P.- ¿Cuál consideraría que ha sido el principal avance científico del siglo XX? ¿Cuál es el avance científico que más le ha impresionado? ¿Cuál ha sido su mayor sorpresa en el área de investigación en que trabaja?

R.- A mi juicio, las estructuras del DNA y las primeras proteínas supusieron grandes avances para el conocimiento de componentes esenciales de las células. Sin embargo, y a nivel más práctico, es seguramente el advenimiento de los trasplantes de órganos lo que más me impresionó, posiblemente porque el primer trasplante de corazón se realizó siendo yo una niña.

En cuanto a las sorpresas en mi área de trabajo, tengo que decir que la mayor de ellas quizás haya sido la identificación de enzimas clásicamente hepáticas en órganos periféricos y sus alteraciones en patologías sensoriales.  

P.- ¿Cuál es su opinión sobre cómo está articulada la carrera científica en España? ¿Qué camino queda por recorrer en Ciencia e Innovación en nuestro país?

R.- En mi opinión la carrera científica en España no está realmente articulada. Me explico, para que la investigación, como cualquier otra actividad productiva, funcione es necesario que la parte productiva (técnicos, estudiantes pre-doctorales y pos-doctorales, titulados superiores contratados o funcionarios, etc.) sea mayor que la administrativa. Eso, aparentemente tan simple, en la actualidad es una utopía. De hecho, la mayoría de los grupos carecen de técnicos de laboratorio, estudiantes pos-doctorales (siendo optimistas, puede que tengan uno), y desde luego de investigadores, que no sean funcionarios de carrera. Además, el número de estudiantes pre-doctorales es cada día menor. El investigador principal se convierte así en el único depositario del conocimiento del grupo, además de encargarse de multitud de tareas más propias de una secretaría, que copan su actividad diaria. Todo esto unido, en mi opinión, sólo consigue bloquear el sistema.

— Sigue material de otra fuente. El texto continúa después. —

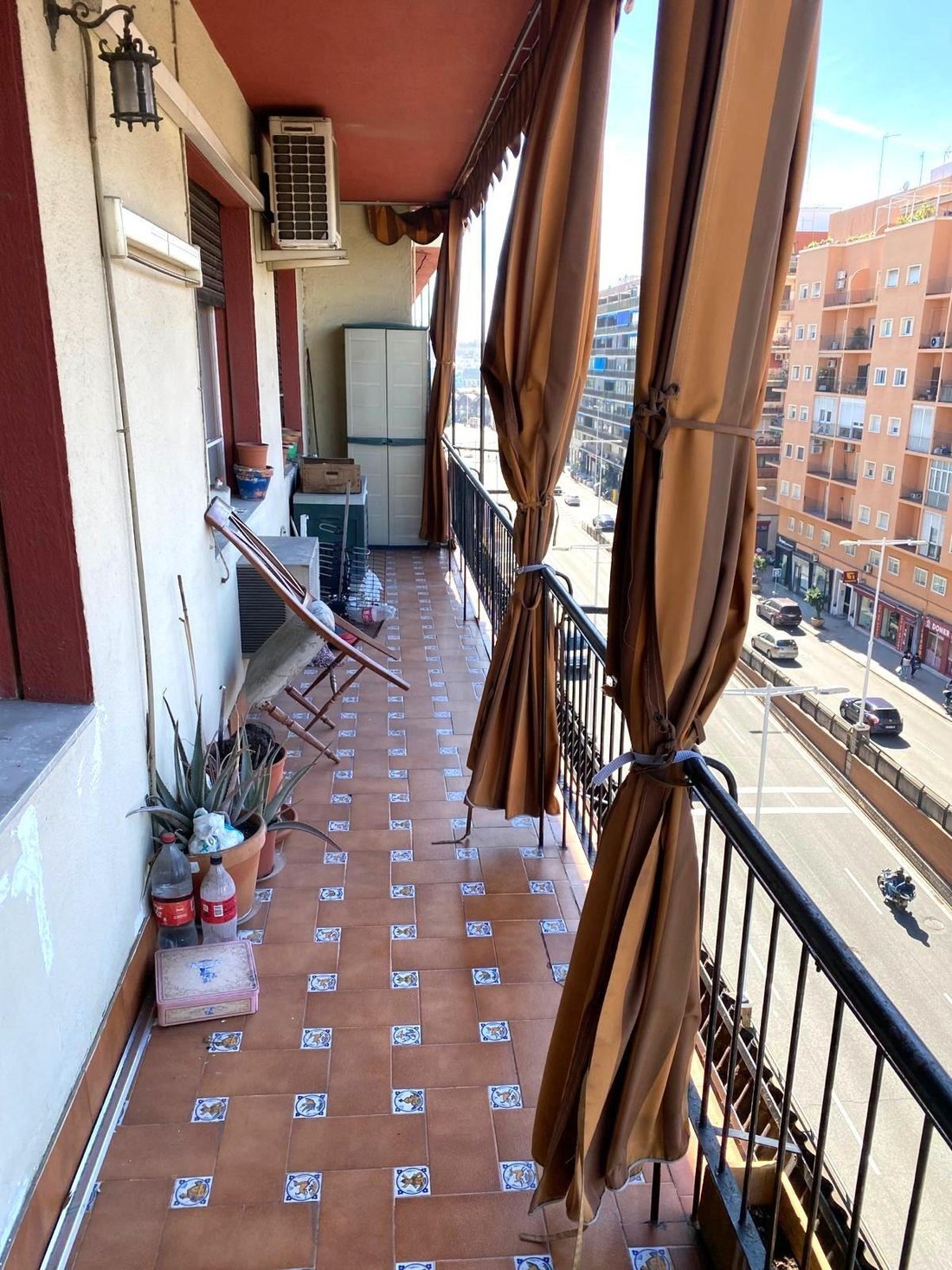 Apartment in Casco Antiguo, Seville, Spain 5 - 16782516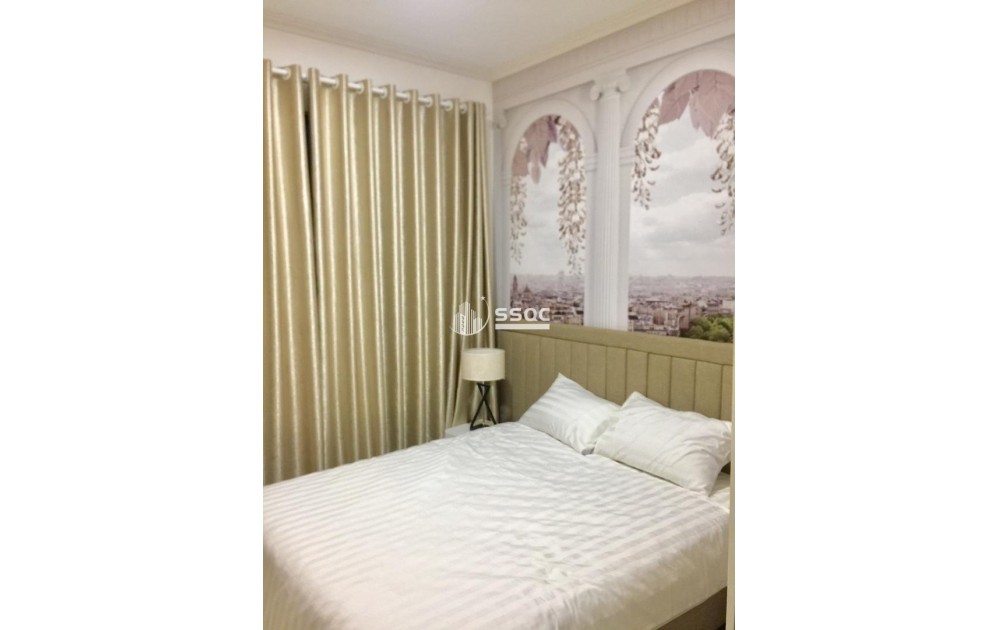 BÁN CĂN HỘ ESTELLA HEIGHTS GIÁ 15.79 TỶ, 2 PHÒNG NGỦ - 89M2, XÁCH VALI VÀO Ở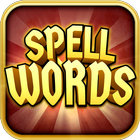 Spell Words icon
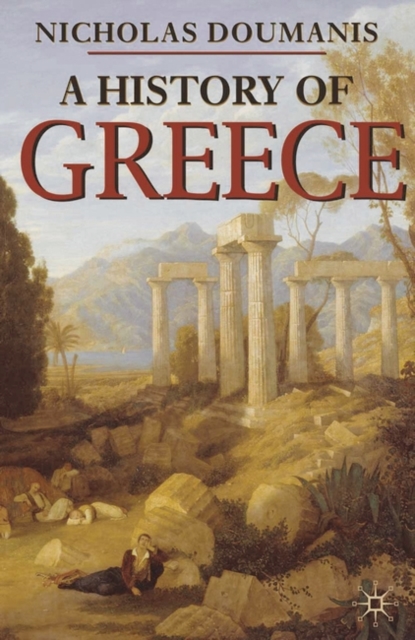 A History of Greece, EPUB eBook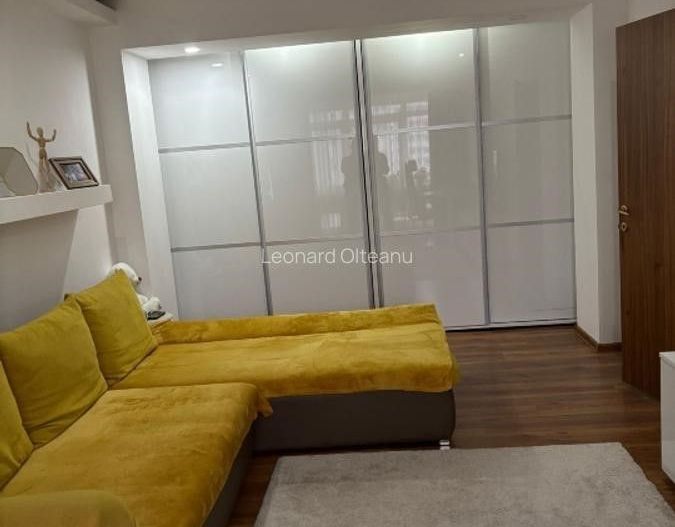 Apartament 2 camere zona Calea Vitan - Stadion Olimipia - Poză 2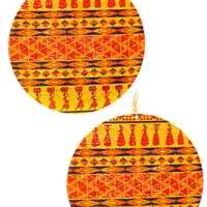 African Treasures Set - Various Colors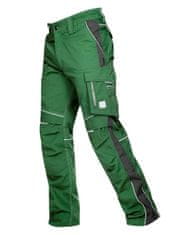 ARDON SAFETY Kalhoty ARDONURBAN+ zelené zkrácené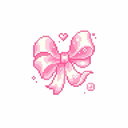 ribbon Discord emoji — free static PNG download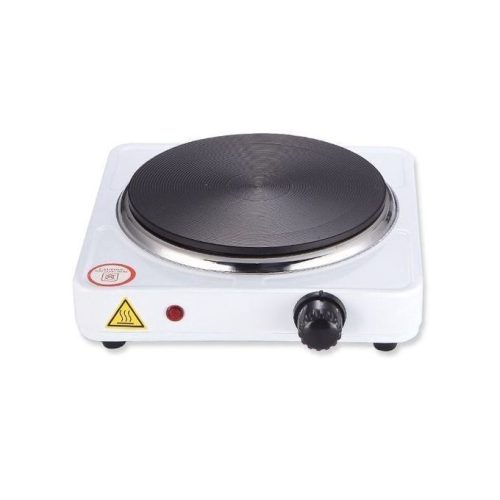 Electric Single Solid Hot Plate Cooker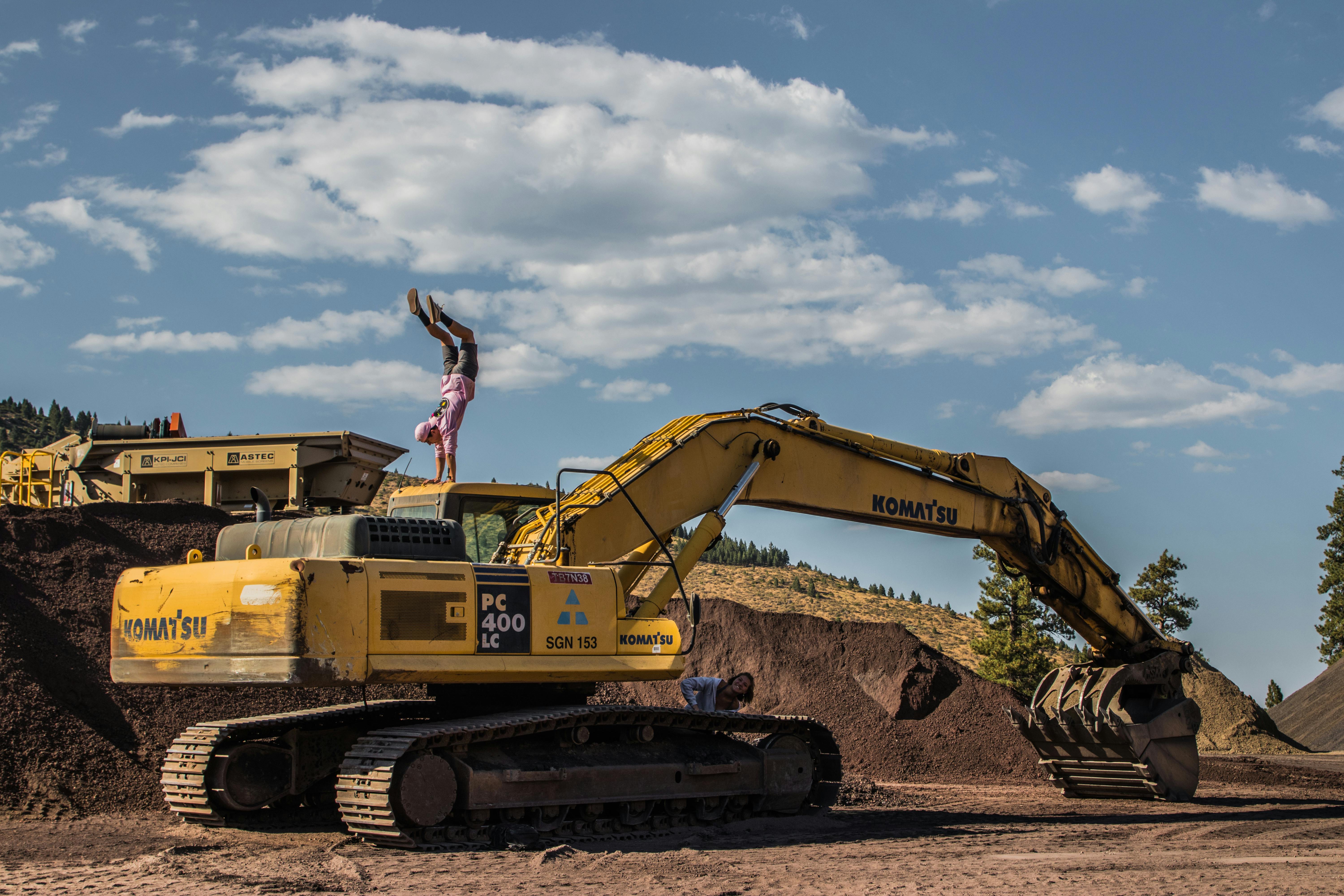 Transforming a Cat D8R Dozer with a Cat Certified Powertrain Rebuild -  Cleveland Brothers Cat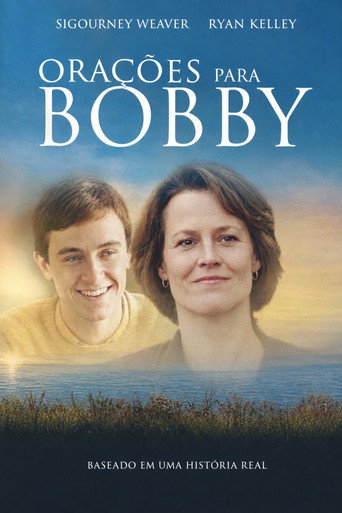 Poster de Orações Para Bobby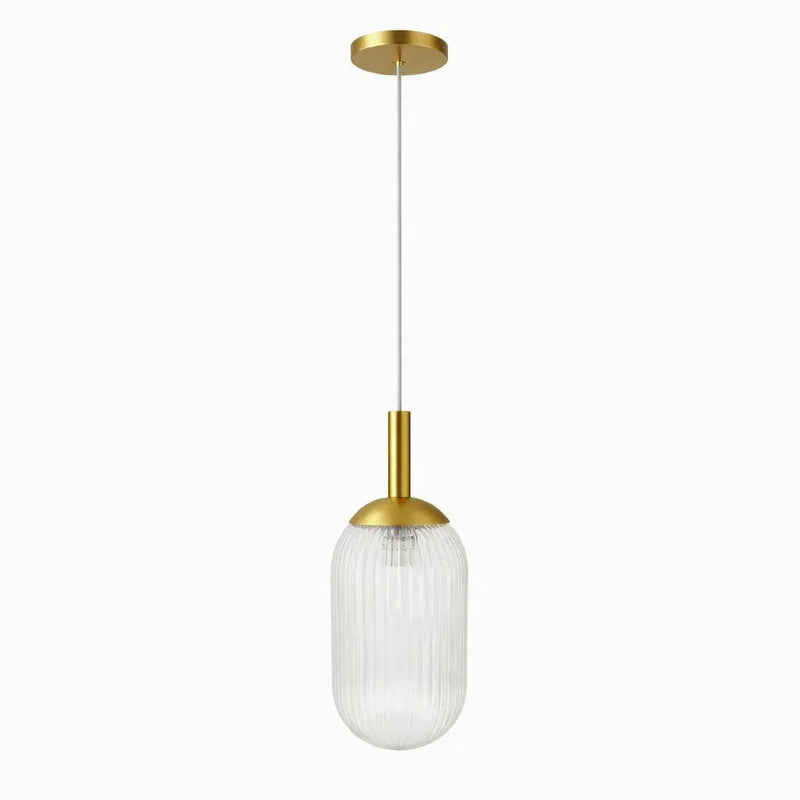Gemma Pendant Lamp by HouseOfZazla
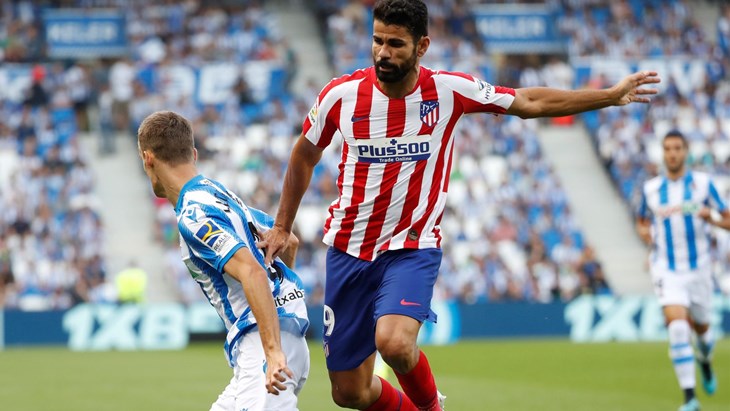 Kutak za kladioničare: Atletico i Lyon po prekid niza, a Inter po nastavak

El camino a recorrer pasa por estructurar los distintos eslabones de la cadena, definiendo sus obligaciones y llevando a cabo una evaluación acorde a las mismas. No es de recibo que distintas escalas de científicos sean evaluadas prácticamente por el mismo rasero. Esto sólo conduce a la tendencia a ser «cabeza de ratón, antes que cola de león», porque la capacidad de progresar en el escalafón establecido y parte del sueldo dependen de ello. Si el jefe de grupo ha de ser el Investigador Principal de los proyectos, dirigir las Tesis Doctorales y ser último autor de todos los artículos del grupo, esto lesiona los intereses del resto de los investigadores del equipo, cuyo curriculum carecerá de estos méritos, por los que posteriormente se les evaluará. Tampoco me parece lógico que pocas veces se considere la relación entre el tamaño del grupo, su financiación, su producción y la calidad de la misma a la hora de distribuir recursos. Así, acabamos en círculo vicioso, que resulta aún más acuciante ahora mismo, y que lleva en la expulsión del sistema de financiación no sólo de grupos emergentes con grandes posibilidades, sino de grupos establecidos, que no sólo no pueden progresar, sino que se están destruyendo.